Exercise >>
Using the records below, copy exactly the part that opens with the line holding "Skechers Herren Dighton" and closes with the line holding "Storage Cabinet-348825189", minus the pictures.

Data supplied >>

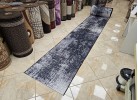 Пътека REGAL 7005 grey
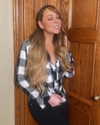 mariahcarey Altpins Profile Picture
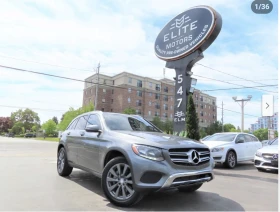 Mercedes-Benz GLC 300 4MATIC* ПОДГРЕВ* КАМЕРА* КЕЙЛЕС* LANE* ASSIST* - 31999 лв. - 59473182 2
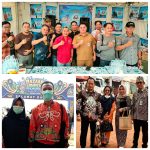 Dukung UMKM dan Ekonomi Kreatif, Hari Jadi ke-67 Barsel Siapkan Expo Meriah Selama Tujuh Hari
* * *
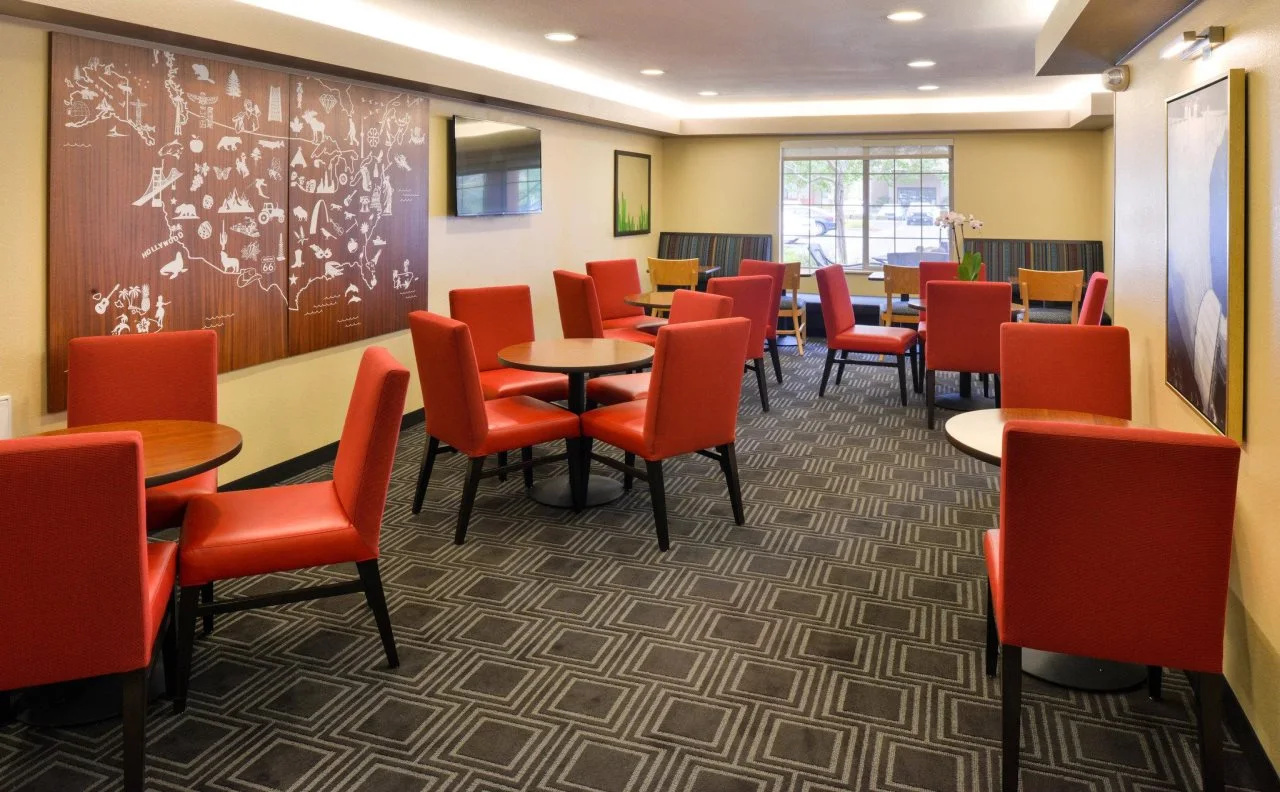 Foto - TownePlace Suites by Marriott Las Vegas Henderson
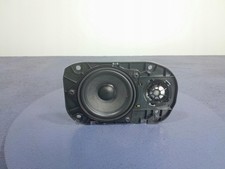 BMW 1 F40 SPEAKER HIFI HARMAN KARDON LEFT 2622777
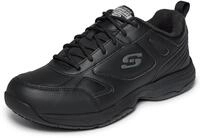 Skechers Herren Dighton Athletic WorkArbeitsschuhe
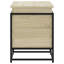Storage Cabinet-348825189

Response to this task >>
 Skechers Herren Dighton Athletic WorkArbeitsschuhe
Storage Cabinet-348825189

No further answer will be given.